I also have a flip-up outfeed table that I can drop down out of the way, when I need the room.

I have my planer mounted on a cabinet with locking casters. So, I can roll it wherever I want, including the driveway. My previous drill press was on a rolling stand as well. This kind of mobility helps a lot in a smaller space where you just can't afford to have all the room you need on all sides of fixed machines.


----------



## MrDJC (Jun 15, 2020)

The table saw will be one of the biggest purchases. I had my my old contractor saw on a mobile base and I could move it out into the driveway. I was looking at Grizzly's last night. The G0690 was looking good to me. I'm having an electrician coming out on Saturday to see about running 220 volts into the garage. It shares a wall with the laundry room that has a 220v outlet so I'm hoping it'll be fairly simple. I like the idea of casters so things can be moved out when needed and tucked away when not.


----------



## Moshannon (Jun 20, 2020)

Welcome. Newbie myself. Always looking here for advice.


----------



## ibewjon (Oct 2, 2010)

After buying a table saw first and a bandsaw later, if starting over I would reverse that. Look for used tools to stretch the dollars. I bought 3 machines new, and 14 used. I have a 16×22 shop, with a couple machines stored in the garage the shop is attached to. All on mobile bases for easy change out to what I need to use. If that 240 receptacle in the laundry is for your dryer, it is probably 30 amps. It won't run the dryer and a machine at the same time. If you need a new power run to the panel, go for a new sub panel in the shop. It will pay for itself over time.


----------



## MrDJC (Jun 15, 2020)

The 240 in the laundry room is not used, we have a gas drier. So I was hoping to hijack it. I figured I'd remove the receptacle and blank it off. I been watching CL and FB market for machines, They don't seem to come up very often, around here anyway. Most of what I see look pretty rusty and worn out and missing parts. I saw the DW735X on sale and ordered one. I'm still agonizing about how much to budget for a table saw. I want it to be a one time purchase.


----------



## JimH3000 (Jun 20, 2020)

A table saw is the workhorse of my shop. And ever since I discovered and built a table saw sled, it's even more valuable. Other useful tools are my miter saw, router, and circular saw. Sometimes I use my jigsaw and orbital sander. I also have a Japanese pull saw (inexpensive) which has been incredibly useful.


----------



## ibewjon (Oct 2, 2010)

A DeWalt 746 table saw is great. I have one with the built in left side sliding table. It was before riving knives we're standard . I am sure to stand out of the line of fire. I do see them come up for sale in good condition.


----------



## Peteybadboy (Jan 23, 2013)

Welcome to LJ. I like the idea of starting with projects then buy what you need to get the job done (better, faster, safer) you pick the reasons. I got a miter saw & compressor/nail gun when I installed crown for example.
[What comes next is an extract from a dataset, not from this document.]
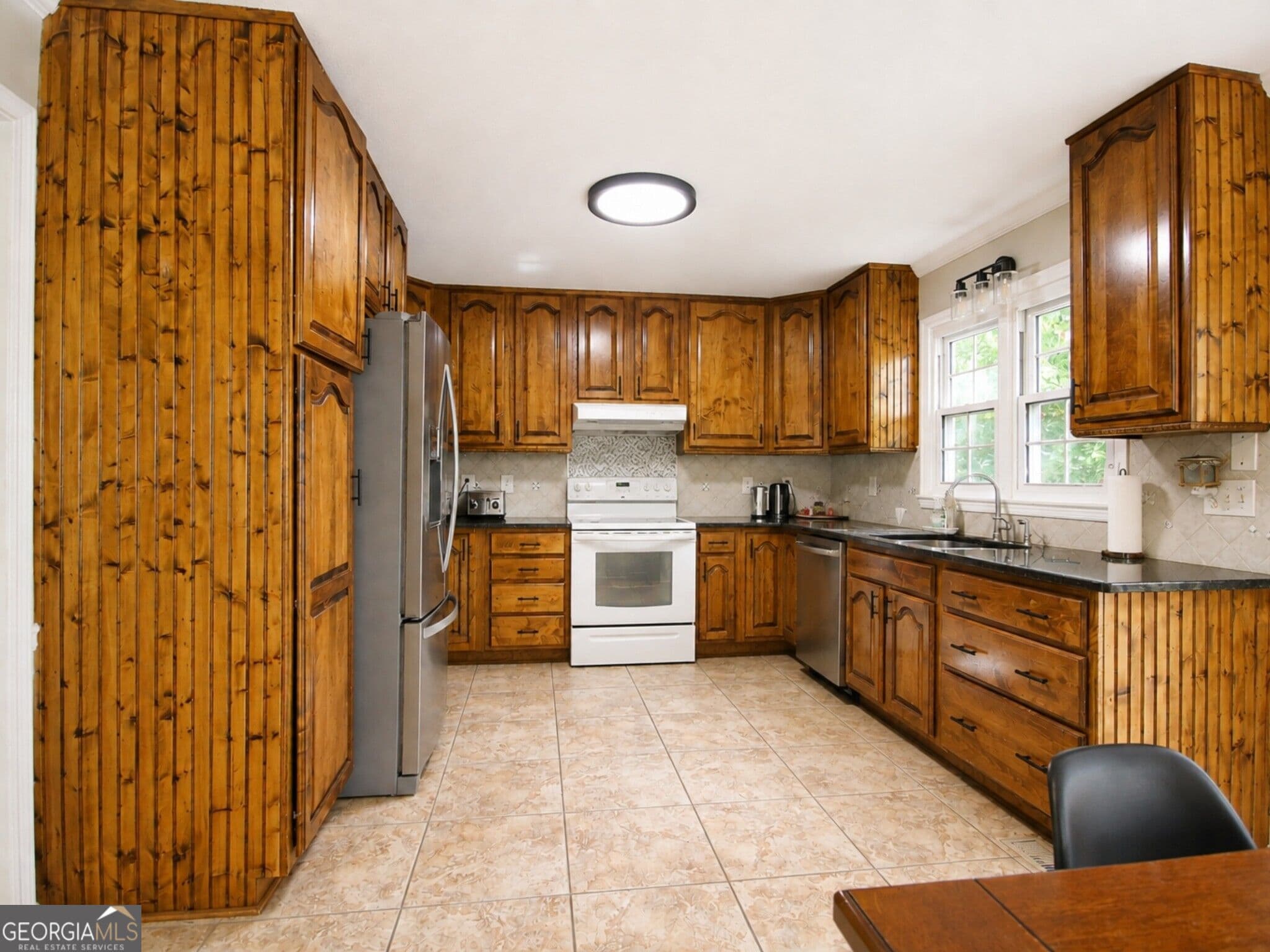 6 bedroom, 4 bathroom, 3,751 sq ft single family residence for sale at 4204 Newpond Trail, Kennesaw, GA 30144 — photo 10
I started with garage sales (got tons of clamps that way) then replaced those tools once I could afford quality. You may want to consider a stand for your miter saw. I put my stand on a platform that is on casters. That way I can move it around. In a small shop you may need to move things a lot. I have 2 1/2 car garage for my shop, but if a hurricane is coming I need to get my pick up and wife's car in the garage. (I have to crawl out the window of my truck but it works!)


----------



## MrDJC (Jun 15, 2020)

I have a table saw on the way. A Grizzly G1023RLX with a mobile base. It looks like a lot of table saw. I have an electrician coming out to pull 240v into the garage next week. It'll be a dedicated circuit. The DW735 showed up. I ran a couple of boards through it to test it. It does a nice job. I'll put it on a mobile cart so I can tuck it away. One of the first things I want put together is a router table. I'm not sure what router plate I'll use yet. I built a little bench for the drill press the other day. I dont have a layout for the shop yet, I figure that will evolve as I get all the machinery and benches.


----------